Amuse the neighbors for hours as you make toilet paper and beach balls float in mid-air. Believe it or not, the secret to this mystery of levitation is right in front of your nose. In this science experiment we will learn about air pressure and Bernoulli's Principle
Materials - Leaf Blower - Toilet Paper Roll - Dowel or Paint Roller - Beach Ball - Ping Pong Ball - Hair Dryer
Flying Toilet Paper Procedure:
1.Put the toilet paper on the paint roller or dowel stick.
2. Unwrap about 12 inches of the paper and make sure its unrolling towards you.
3. Place the leaf blower at the base of the unwound toilet paper roll.
4. Turn on the leaf blower and watch that paper fly off in seconds.
Watch Video Flying Toilet Paper Experiment
Floating Beach Ball Procedure:
1) Blow up the beach ball all the way until it's good and hard.
2) Hold above the leaf blower.
3) Turn on the leaf blower.
4) Let go of the ball.
5) Watch the beach ball float as it hovers in the air. Try walking around with it as it's floating. Experiment using more than one beach ball at a time. How many can you get going in the air?
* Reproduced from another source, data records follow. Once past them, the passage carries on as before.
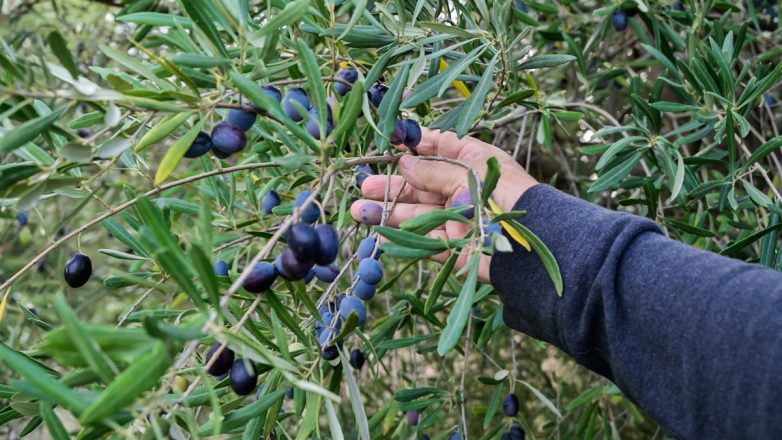 Σοκ στην Εύβοια: 72χρονος έφυγε από τη ζωή ενώ μάζευε ελιές Σοκ στην Εύβοια: 72χρονος έφυγε από τη ζωή ενώ μάζευε ελιές
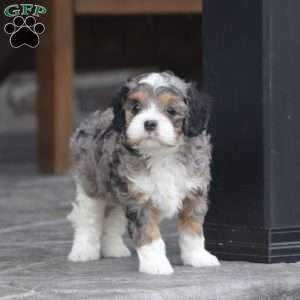 Zade, Cavapoo Puppy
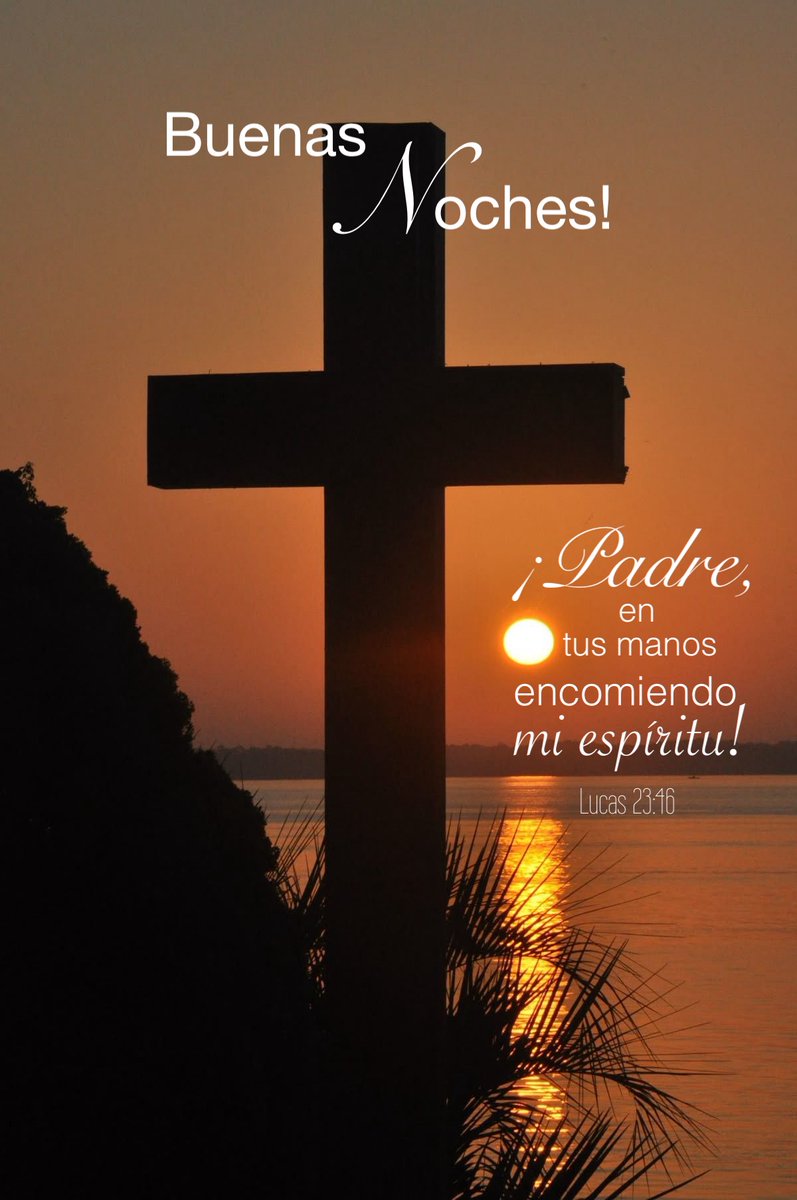 Loren Castillo tweet media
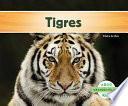 Descargar el libro libro Tigres
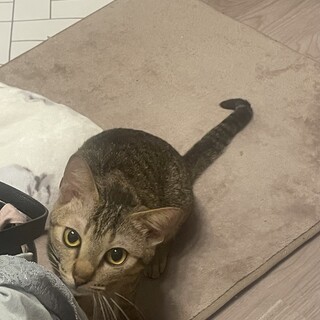 一歳になったばかりの女の子♪可愛い鳴き声が魅力！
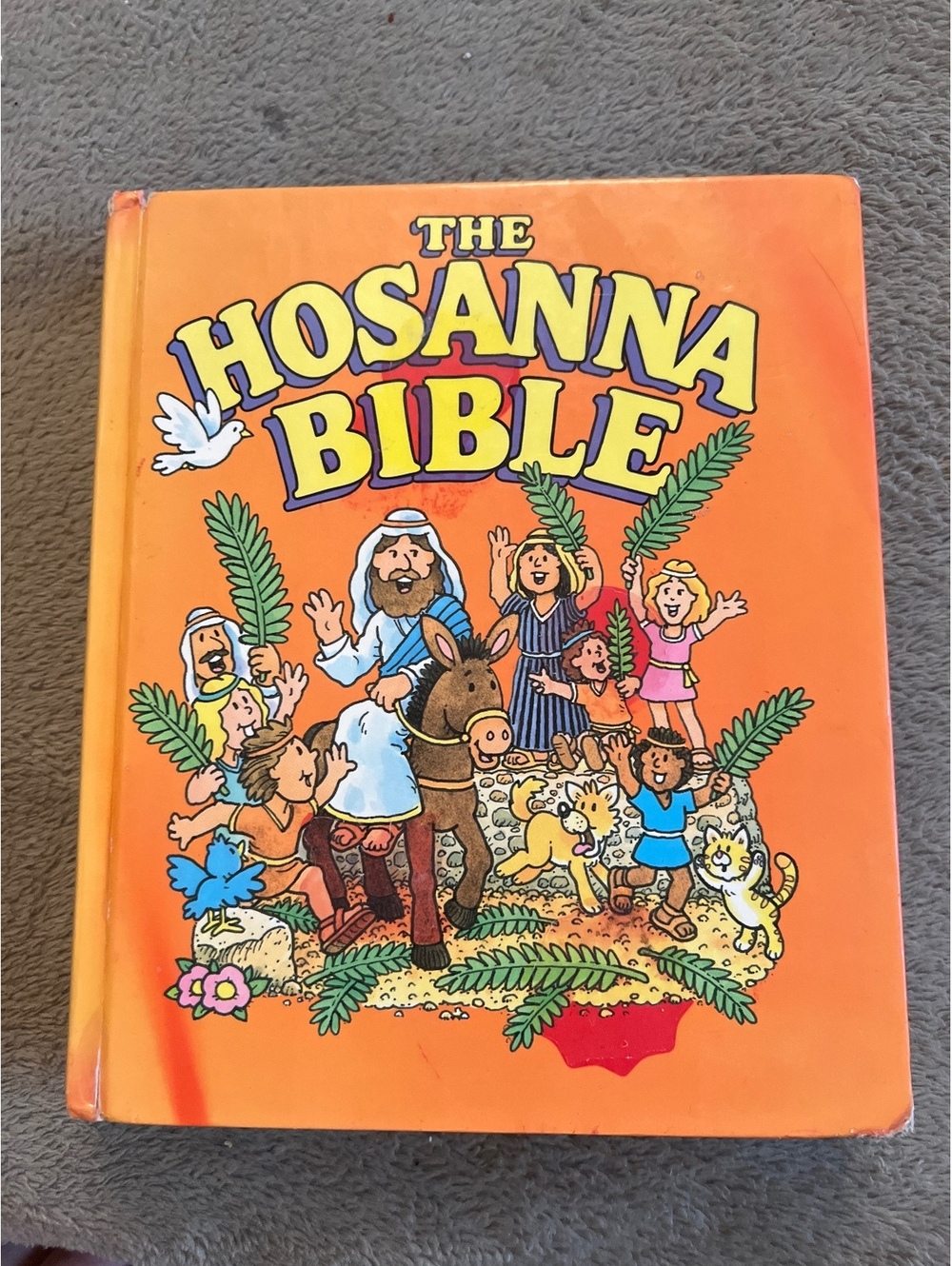 The Hosanna Bible - Children's Illustrated Bible Book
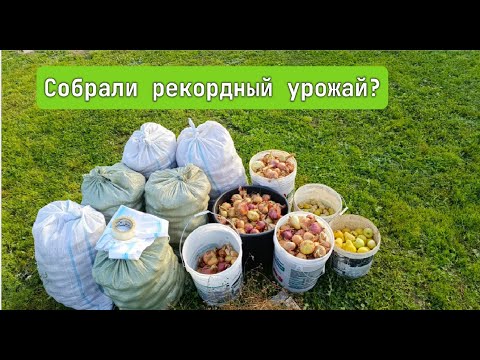 Видео: Один день в деревне.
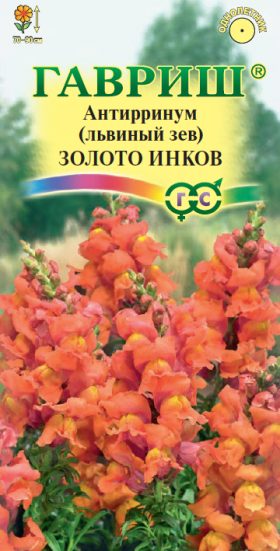 Золото инков Ц(Г)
Note: You can do the same experiment on a smaller scale with a hair dryer and ping- pong ball. The hair dryer will levitate the ping pong ball in mid air
Watch Video: Floating Beach Ball Experiment
The Science Behind Flying Toilet Paper and Floating Beach Balls
The floating / levitating beach ball is an awesome demonstration of Bernoulli's Principle. This principle explains how heavier than air objects like airplanes fly. Bernoulli discovered that the faster air flows over the surface of something, the less the air pushes on that surface. This in turn creates lower pressure. The air from the leaf blower goes around the outside of the beach ball. If we position the beach ball just right, the air flows evenly around all sides. Gravity tries to pull the beach ball down while the pressure under the ball from the moving air forces it up. All the forces acting on the ball become balanced and the ball levitates in mid air. Airplanes fly due to this principle. Air rushes over the tops of it's wings. The fast moving air creates less pressure than the slow moving air under the wings. The greater air pressure beneath the wings generates upward force, or lift, that allows airplanes to fly. Now get out your leaf blower and do some flying toilet paper and floating beach balls!